[webkit-dev] A simpler proposal for handling failing tests WAS: A proposal for handling "failing" layout tests and TestExpectations
fpizlo at apple.com
Sat Aug 18 17:11:08 PDT 2012
Maybe at this point we can agree to let Dirk land some variant of this with whatever half-way sensible name (any of the options on the table are decent) and see how it works?
It seems that the only thing anyone is disagreeing over is naming and which files to keep around, which is a much smaller set of differences than status-quo versus any variant of this proposal.
On Aug 18, 2012, at 2:01 PM, Maciej Stachowiak <mjs at apple.com> wrote:
> On Aug 18, 2012, at 1:08 AM, Filip Pizlo <fpizlo at apple.com> wrote:
>> I like your idea of having both the result-we-currently-expect and the result-we-think-may-be-more-correct to be checked in. I still prefer Dirk's naming scheme though.
> I think if we had both checked in, the result-we-think-may-be-more-correct should be named something other than -expected, since it is not, in fact, expected. That was the basis of my naming scheme.

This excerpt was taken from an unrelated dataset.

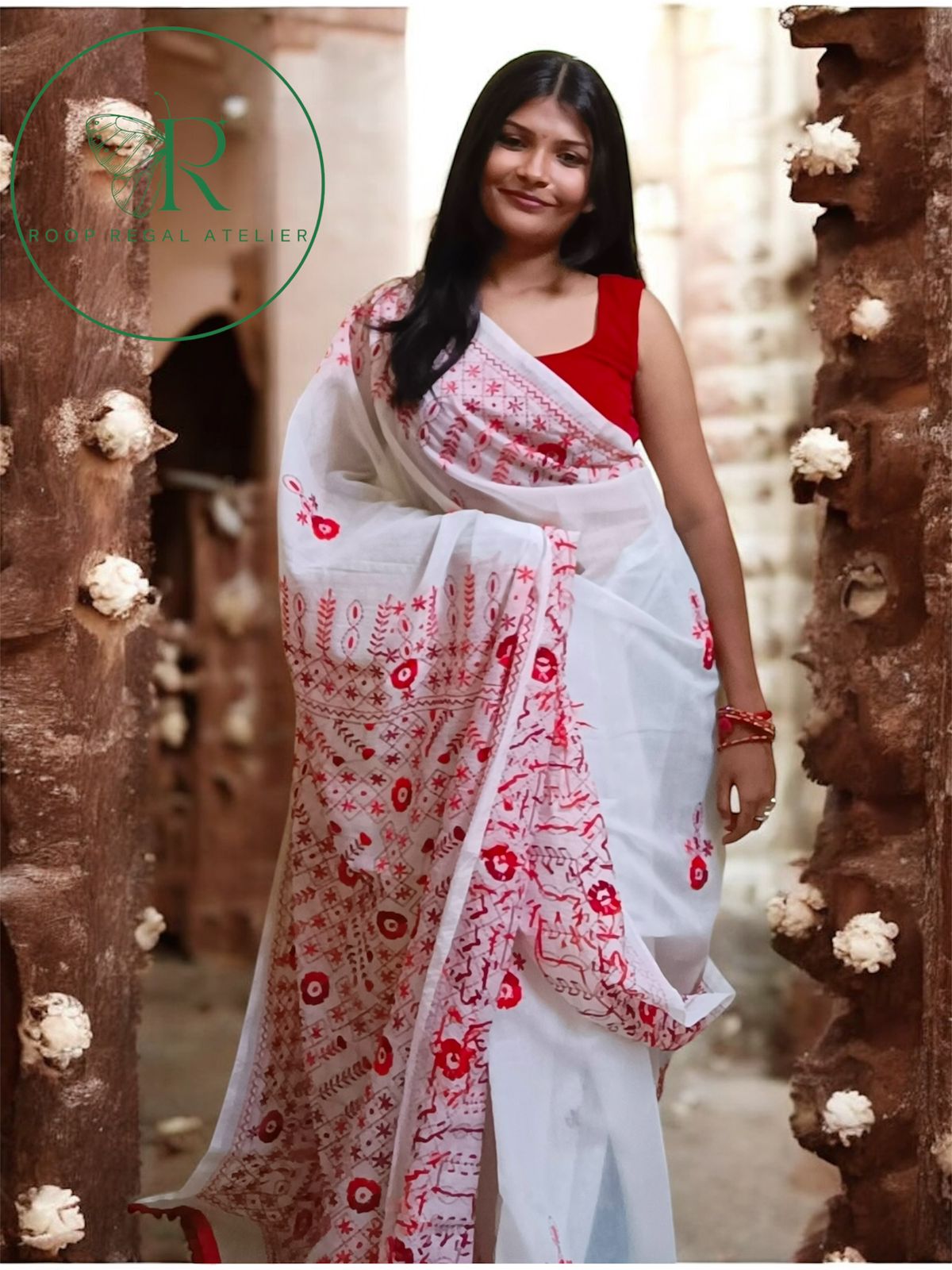 Handcrafted Phulkari saree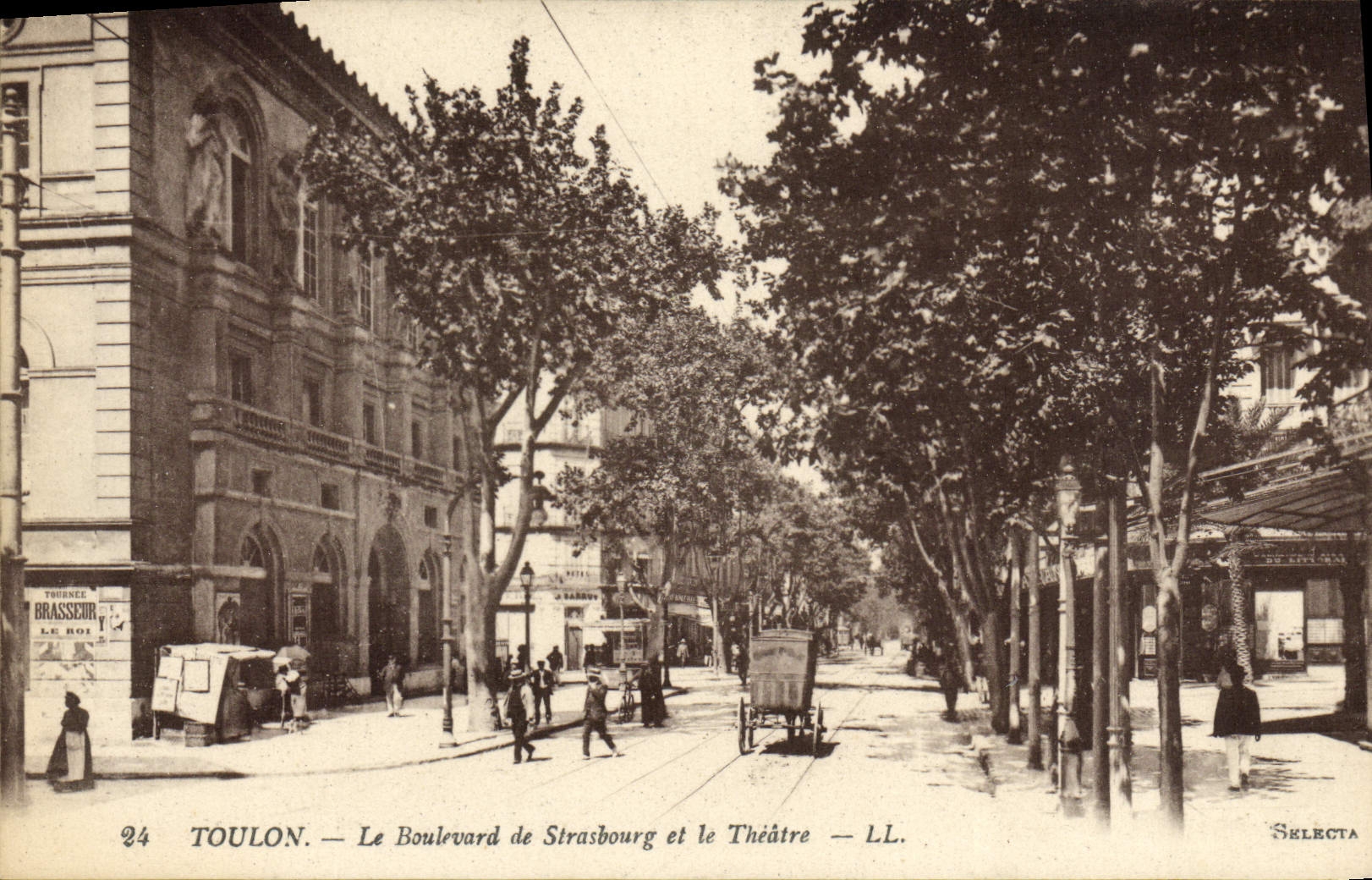 VINTAGE POSTCARD Toulon the Boulevard of Strasbourg and the Theater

> I think I would be happy with any scheme that had both checked in, and matched the criteria that you never have a file named -expected that is unexpected. For example, there could be schemes with no file named expected. If you let it be verbose, you could have:
> Single result:
> Possibly-worse current result, possibly-better older result:
>> I get the notion that "expected" always means literally what it seems to mean from the standpoint of whether the tooling is silent for the test (actual == expected) or has something to say.
>> But I think that if the tooling is behaving right, your concern that "a test would fail if it did *not* match the "failing" result" would be addressed: the tooling could be silent for actual == failing (if a failing file exists) but notify you of an "unexpected pass" if actual == expected.
> But if you match neither, you get a failure for not matching the "failing" result. That still strikes me as a little goofy. Not failing is failing, and getting the expected result is unexpected. I think my extra-verbose naming scheme above would better match what you suggest the tool UI would do. Maybe there is a more concise way to get the same point across.